All right. I tried it on 2, I surely didn't expect a precise and exact answer to that, but I got something, and if you square this, you'll find the answer kept pretty darn close to 2.
I then tried it on 0.25 One quarter. And what happened was not what I wanted. As you'll see, it crashed.
It didn't really crash, it found an assert statement. So if you look at the bottom of the function, you'll see that, in fact, I checked for that. I assert the counter is less than or equal to 0. I'm checking that I didn't leave my program because I didn't find an answer. Well, this is a good thing, it's better than my program running forever, but it's a bad thing because I don't have it the square root of 0.25.
What went wrong here? Well, let's think about it for a second. You look like-- someone looks like they're dying to give an answer. No, you just scratching your head? All right.
Remember, I said when we do a bisection method, we're assuming the answer lies somewhere between the lower bound and the upper bound. Well, what is the square root of a quarter? It is a half.
Well, what-- where did I tell my program to look for an answer? Between 0 and x. So the problem was, the answer was over here somewhere, and so I'm never going to find it cleverly searching in this region, right? So the basic idea was fine, but I failed to satisfy the initial condition that the answer had to be between the lower bound and the upper bound. Right?

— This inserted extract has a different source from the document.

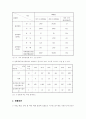 여자 청소년 비행의 실태와 사례 분석 6페이지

And why did I do that? Because I forgot what happens when you look at fractions. So what should I do? Actually I lied, by the way, when I said the answer was over there. Where was the answer? Somebody?

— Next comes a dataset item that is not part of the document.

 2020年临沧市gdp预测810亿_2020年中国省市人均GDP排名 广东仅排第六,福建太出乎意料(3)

It was over here. Because the square root of a quarter is not smaller than a quarter, it's bigger than a quarter. Right? A half is strictly greater than a quarter.
So it wasn't on the region. So how-- what's the fix? Should be a pretty simple fix, in fact we should be able to do it on the fly, here. What should I change? Do I need to change the lower bound? Is the square root ever going to be less than 0? Doesn't need to be, so, what should I do about the upper bound here? Oh, I could cheat and make, OK, the upper bound a half, but that wouldn't be very honest.
What would be a good thing to do here? Pardon? I could square x, but maybe I should just do something pretty simple here. Suppose-- whoops. Suppose I make it the max of x and 1. Then if I'm looking for the square root of something less than 1, I know it will be in my region, right?
All right, let's save this, and run it and see what happens. Sure enough, it worked and, did we get-- we got the right answer, 0.5 All right? And by the way, I checked all of my previous ones, and they work too.
All right. Any questions about bisection search?
One of the things I want you to notice here is the number iterations is certainly not constant. Yeah, when I will looked at 4, it was a nice number like 1, 9 looked like it took me 18, 2 took me 14, if we try some big numbers it might take even longer. These numbers are small, but sometimes when we look at really harder problems, we got ourselves in a position where we do care about the number of iterations, and we care about something called the speed of convergence.
Bisection methods were known to the ancient Greeks, and it is believed by many, even to the Babylonians. And as I mentioned last time, this was the state of the art until the 17th century. At which point, things got better. So, let's think about it, and let's think about what we're actually doing when we solve this.
When we look for something like the square root of x, what we're really doing, is solving an equation. We're looking at the equation f of guess equals the guess squared minus x. Right, that's what that is equal to, and we're trying to solve the equation that f of guess equals 0. Looking for the root of this equation.
So if we looked at it pictorially, what we've got here is, we're looking at f of x, I've plotted it here, and we're asking where it crosses the x axis. Sorry for the overloading of the word x.
And I'm looking here at 16. Square root of 16, and my plot basically shows it crosses at 4 and-- well, I think that's minus 4. The perspective is tricky-- and so we're trying to find the roots.
Now Isaac Newton and/or Joseph Raphson figured out how to do this kind of thing for all differentiable functions. Don't worry about what that means.
The basic idea is, you take a guess, and you -- whoops -- and you find the tangent of that guess.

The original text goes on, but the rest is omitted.